DeepRare AI outperforms physicians in rare disease diagnosis

An advanced AI system named DeepRare has demonstrated superior diagnostic performance compared to experienced physicians in identifying rare diseases, according to research. The findings mark a significant step toward AI-supported clinical decision-making in complex diagnostic pathways.

Rare diseases affect an estimated 300 million people worldwide. Due to their low prevalence and overlapping symptom profiles, diagnosis often takes five years or longer. Patients frequently experience repeated referrals, misdiagnoses and unnecessary interventions before receiving a definitive answer.

Multi-agent AI architecture

Unlike conventional AI systems that rely on a single model to solve a problem, DeepRare is built as a multi-agent framework. The platform integrates 40 specialised digital tools capable of analysing genomic data, structured and unstructured medical records, clinical notes, including handwritten documentation, and curated medical databases.

At the centre of the system is a coordinating AI “host” that orchestrates collaboration between these tools. This agentic architecture enables DeepRare to synthesise diverse data sources into a coherent diagnostic hypothesis. The research was recently published in Nature.

Large-scale validation

The system was first evaluated retrospectively using 6,401 clinical cases with confirmed diagnoses. Researchers provided DeepRare with the same symptom descriptions and DNA data originally available to clinicians. The AI not only identified the correct condition earlier in the diagnostic pathway but also outperformed 15 established diagnostic support tools.

A more stringent head-to-head evaluation followed, involving 163 complex cases. Five physicians, each with more than ten years of clinical experience, were given access to identical clinical information as the AI system. DeepRare achieved a first-attempt diagnostic accuracy of 64.4%, compared to 54.6% among the physicians. According to the research team, “DeepRare is one of the first computational models to surpass the diagnostic performance of expert physicians in the complex task of rare-disease phenotyping and diagnosis.”

Transparent reasoning and clinical alignment

Even when the correct diagnosis was not ranked first, DeepRare demonstrated a high Recall@3 score, meaning the correct condition was almost always included among its top three suggestions. Importantly, ten rare disease specialists reviewed the AI’s step-by-step reasoning and agreed with its logic in 95.4% of cases.

The researchers emphasise that the system is not intended to replace clinicians, but to augment diagnostic workflows. “Our work not only advances rare disease diagnosis but also demonstrates how the latest powerful large-language-model-driven agentic systems can reshape current clinical workflows.” If validated in prospective clinical settings, agent-based AI platforms such as DeepRare could help shorten the diagnostic odyssey for rare disease patients, improving outcomes while reducing healthcare burden.

AI-driven diagnosis

Last year, an international research team developed popEVE, an AI system that can identify harmful DNA mutations, even if they have never been previously documented. Designed to support rare disease diagnosis, the model helps clinicians prioritise the most likely pathogenic variants, potentially shortening the long diagnostic journey faced by many patients. The study, published in Nature Genetics, was led by researchers from Harvard Medical School and the Centre for Genomic Regulation in Barcelona.

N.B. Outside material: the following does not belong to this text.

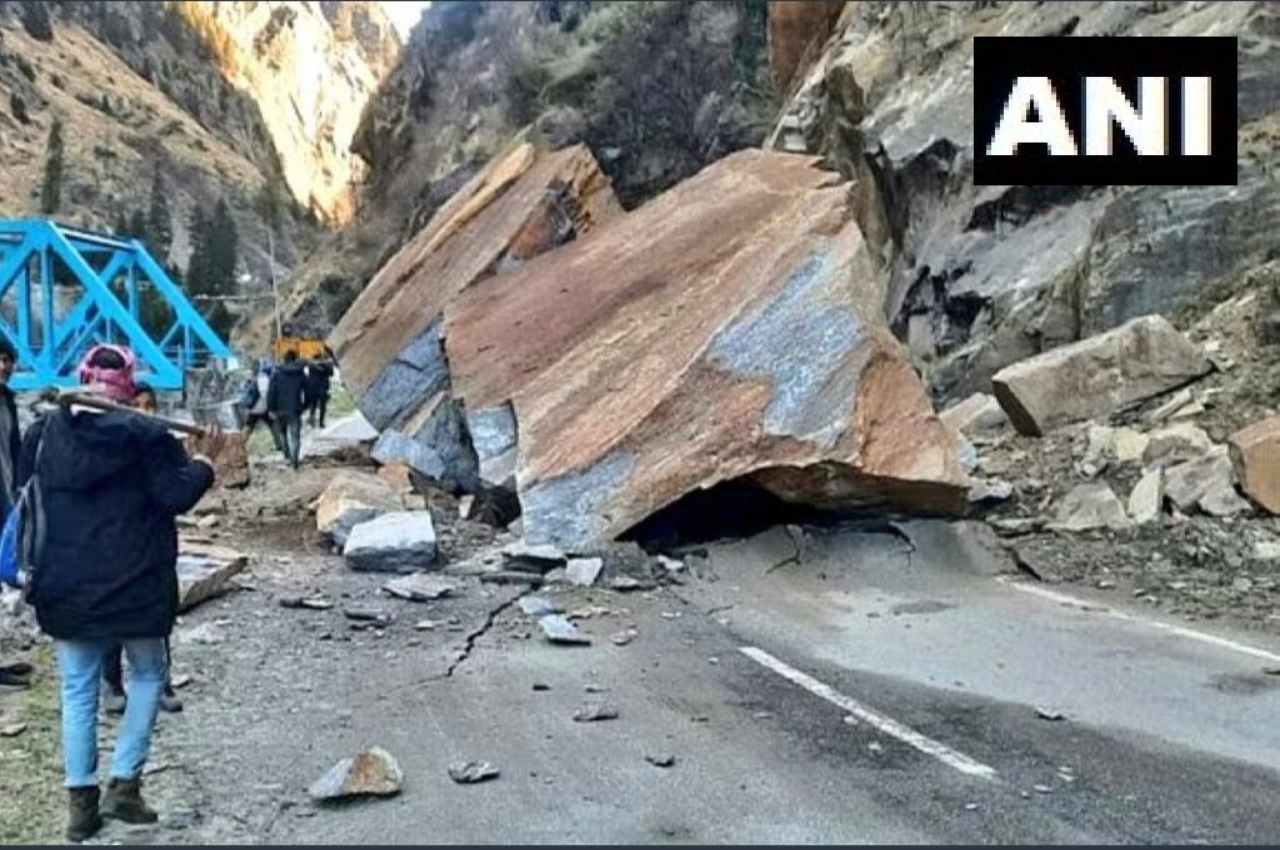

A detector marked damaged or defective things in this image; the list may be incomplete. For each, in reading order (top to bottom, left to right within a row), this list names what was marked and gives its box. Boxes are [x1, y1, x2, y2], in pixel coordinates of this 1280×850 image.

cracked asphalt road [75, 484, 1280, 840]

Unlike traditional tools, popEVE draws on billions of years of evolutionary data, analysing protein sequences across hundreds of thousands of species to determine which genetic regions are essential for life. Combined with large-scale population datasets such as gnomAD and the UK Biobank, the system ranks mutation severity across all genes while reducing ancestry-related bias. Tested on 31,000 families, popEVE identified the correct pathogenic mutation in 98% of cases and uncovered 123 previously unknown disease genes, supporting faster and fairer genomic diagnostics.

AI Diagnostic Orchestrator

In june of 2025, Microsoft introduced the AI Diagnostic Orchestrator (MAI-DxO), a decision-support system designed to simulate the reasoning of a multidisciplinary medical team. In a test involving 304 complex cases from the New England Journal of Medicine, the tool achieved an accuracy of more than 85 percent. That was more than four times higher than the 20 percent average scored by 21 experienced physicians under controlled conditions.

MAI-DxO uses a “chain-of-debate” reasoning approach, combining multiple AI models, including GPT, Claude, Gemini and Llama, into a coordinated agent system. The platform actively gathers information, suggests targeted tests and refines hypotheses, while also promising greater transparency and a potential 20 percent reduction in diagnostic costs. Microsoft emphasised that the tool is intended to support, not replace, clinicians. Experts call the results promising but urge caution, noting the controlled test environment. Further clinical validation and regulatory approval are required before broader implementation in healthcare settings.